A two-story pole connected the second stage to the first stage, allowing daredevil girls to slide down like fire-fighters and begin their stage sets on a dramatic note. There was a nonalcoholic bar against one wall, where customers purchased their mandatory $9 soft drinks upon entering. (Most fully nude clubs in Minnesota don’t have liquor licenses.) I snickered at a banner advertising O’Doul’s nonalcoholic beer. Imaginary suds struck me as a very appropriate strip club beverage. Illusory intoxication, the name of the game.
Jonny and I paused to watch the stripper on the main stage from a distance. “This place is balls,” I muttered.
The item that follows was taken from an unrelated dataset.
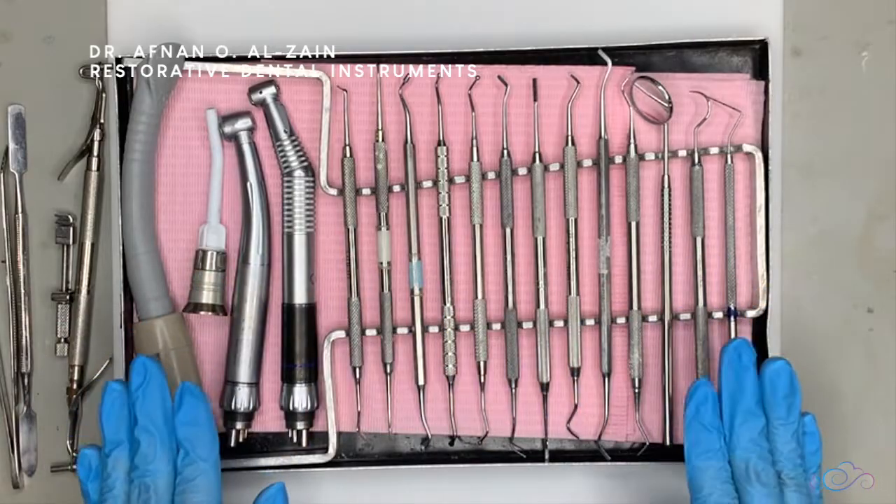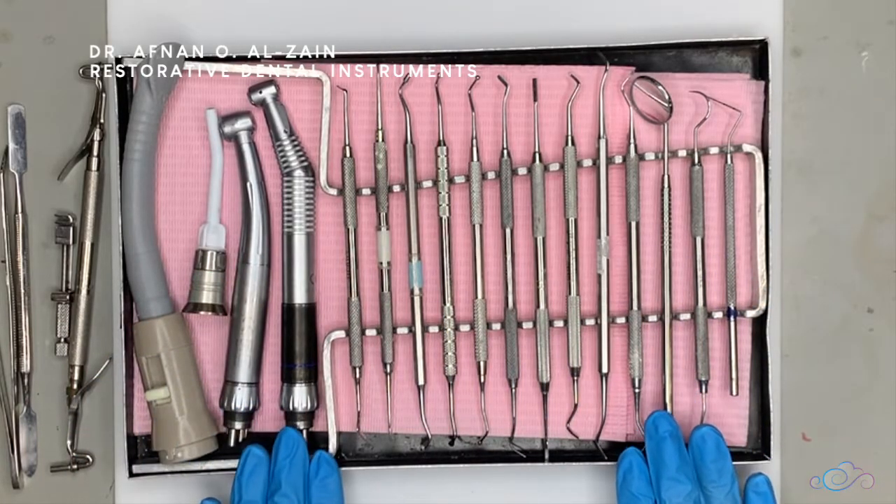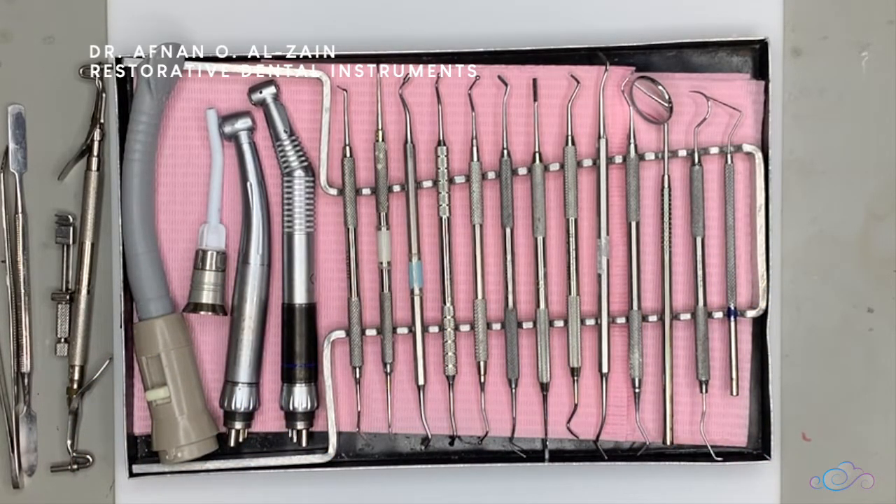So this is just an introductory video about the instruments you're typically going to use in the lab. In the next video we're going to go into more details. Thank you very much and see you in the next video.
“That girl is dancing to Kiss!” Jonny remarked admiringly. The dancer scaled the pole, climbing e
ffortlessly to the very top. She flipped upside down and unhooked her bra, dropping it to the stage below. She pulled herself back upright, then swung her legs over head in an aerial split. She was like the Olga Korbut of adult entertainment.
“And she’s getting tips,” I pointed out. “Look.” The men seated at the tip rail withdrew their wallets in succession and dutifully placed dollars on the stage. This thrilled me, as girls were rarely tipped onstage at Schieks.
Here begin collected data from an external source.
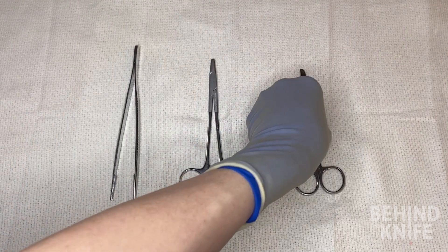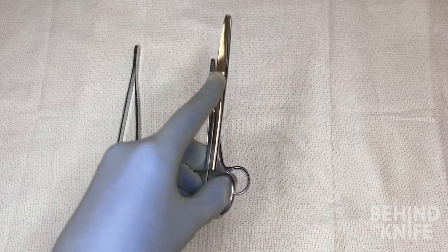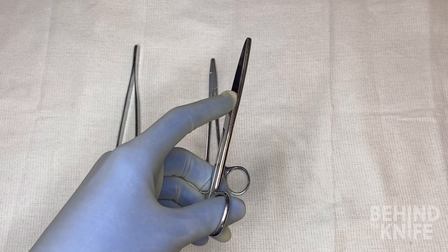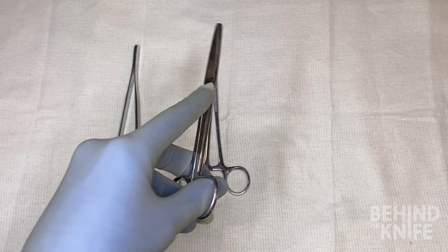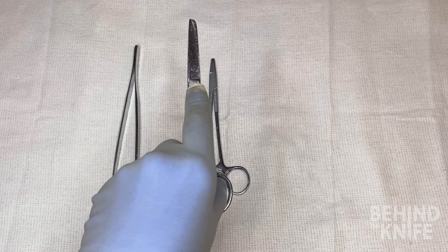Right-handed scissors can be used in your left hand, but will just need to be held in a different way. You'll generally need to hold the scissors at an angle in order to allow them to cut. Once you've gotten the hang of this, there's a good way to use them when it comes to cutting suture.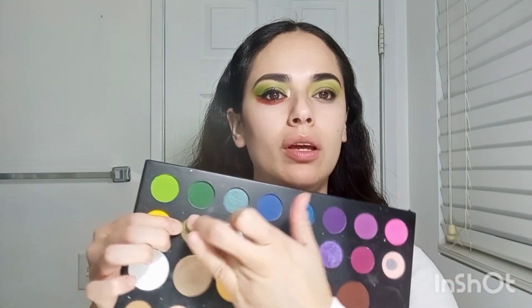After buffing out that green, I'm going to be putting on a shimmer — this green one right here. With my finger, I'm just placing it in the center.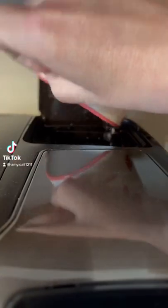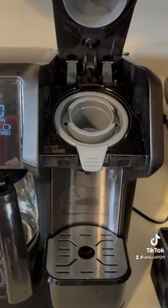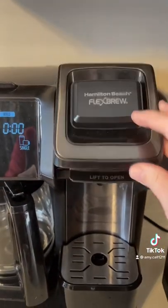Fill a cup with the amount of coffee you want and dump it into the back reservoir. Lift open the door to access the K-cup holder. Drop in your K-cup and press down on the door.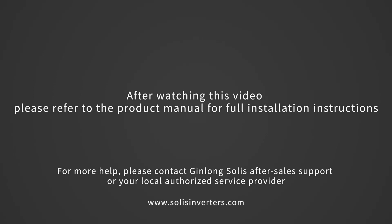After watching this video, please refer to the product manual for full installation instructions.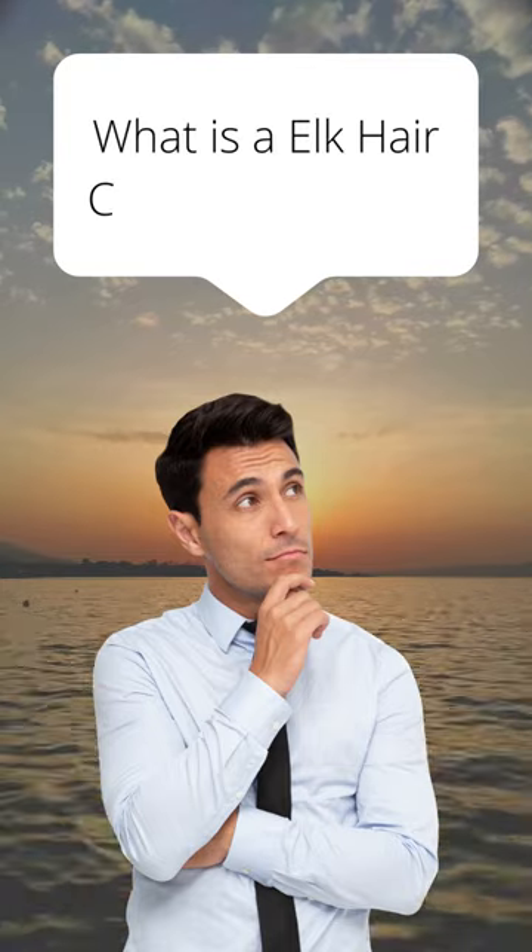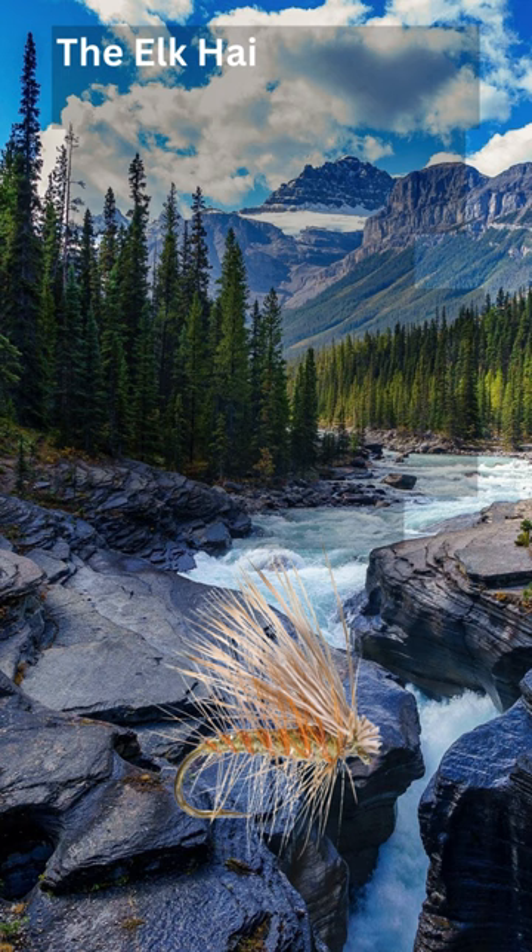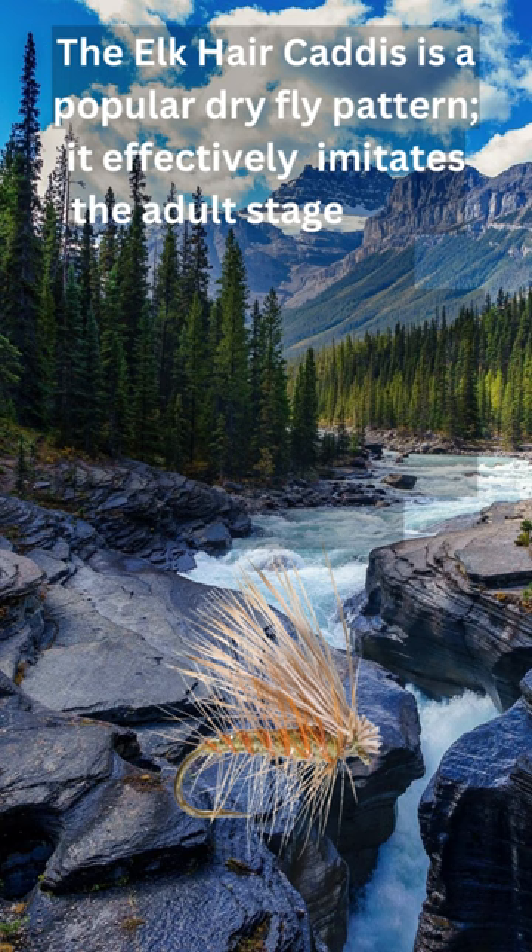The elk hair caddis is a popular dry fly pattern. It effectively imitates the adult stage of the caddis fly, a very common aquatic insect.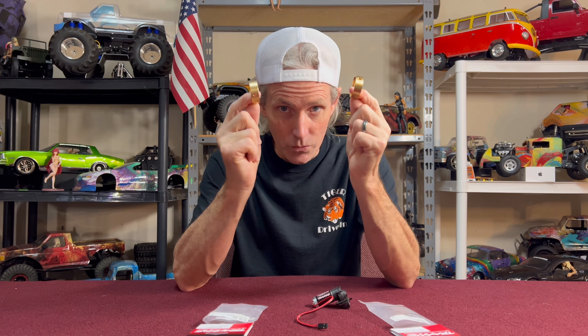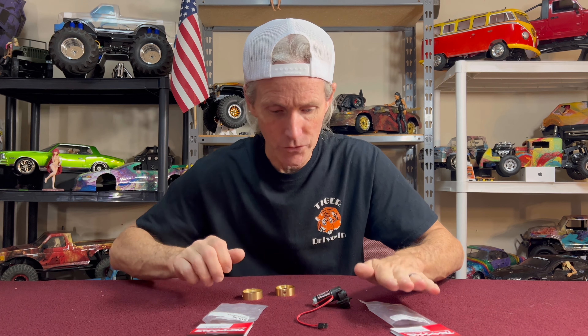I also got some wheel weights to add. Now the Hobby Town where I got everything only had one of everything, so I was only able to get just one set of these for now. I'm going to put these in the front of the truck for this weekend.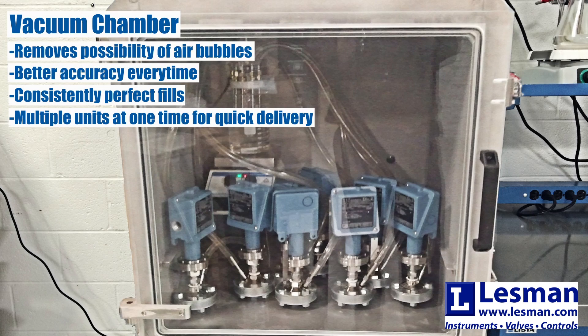While the beaker method is still a great option for filling seals, it can be difficult to get right. Even one tiny air bubble in the assembly during filling can create inaccuracies. That's where the vacuum chamber comes in, making sure your chemical and remote seal assemblies are air-free, making them more accurate every time.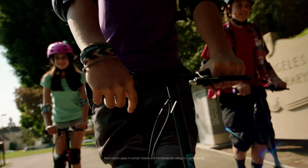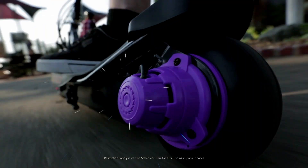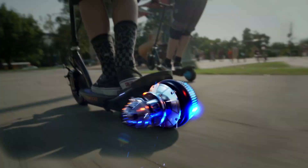Kickstart your ride with the Powercore electric scooter from RAZR. Just hit the throttle and take off in style as you go further and faster than ever before. With super long ride time and even more torque, the patented Powercore motor puts the power right where you want it.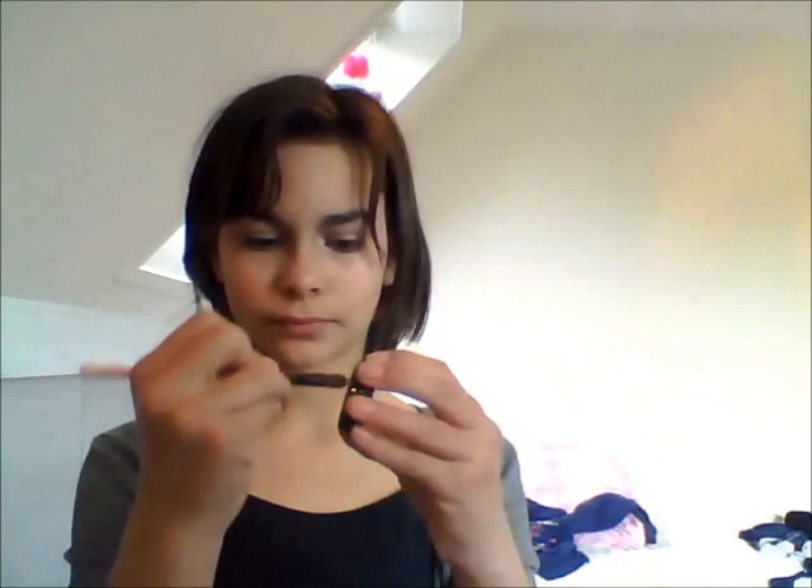Now I'm getting a dark brown eyeshadow from Max Factor with a small eyeshadow brush, and it is 105 Terrafirma. I'm doing circular motions on the outer third of my eye and half in the crease — not circular motions on the crease, just half of the crease and circular motions on the outer third. I'm just doing that with the other eye and checking to see if it looks good enough with my glasses.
I flagged down the manager (whom I identified by the requisite clipboard he carried). All the night managers at Deja Vu looked the same to me: mustache, gleaming dark hair, monkey suit. Even after several months of working there, I still had difficulty telling them apart.
“Hi,” I said. “I’m interested in working here.”
“Okay,” Mustache said brusquely. “Let me find a girl to show you around.” Before I could open my mouth to ask another question, he ducked backstage and returned with a tan, gum-snapping girl in a Day-Glo bikini.
“This is Sherry,” he told me. “I told her to give you a tour of the club.”
“I’ve been at this place forever,” Sherry informed me.
“Okay,” I said, helplessly waving good-bye to Jonny.
Sherry took me up to the third-floor dressing room in a rattling death trap of an elevator. She had fake breasts the size of muskmelons, but other than that, she looked nothing like a Schieks girl. She was healthy. Cheap. She looked like she’d spent the day roller-skating at the beach, then accidentally pitched face-first into a vat of Bonne Belle warpaint.
“So, have you danced before?” she asked me in a thick Minnesota accent.
“Yeah, at Schieks,” I said.
“They’re robbers, them guys,” Sherry commented.
“Tell me about it,” I said. “That’s part of the reason I’m leaving. So how much do you pay the house here, then?”
“They count your lap dances,” Sherry explained. “At the end of the night, you have to pay a $20 shift fee, plus $7 for every $20 dance you get.”
I did some quick mental math. “So, if I get ten dances, or $200, I have to give the club $90 of that? That’s a lot of money.”
“Yeah, but you get to keep all your stage tips,” Sherry said. “And since they only charge you for the dances you actually get, you’ll never owe the house more than you’ve made.”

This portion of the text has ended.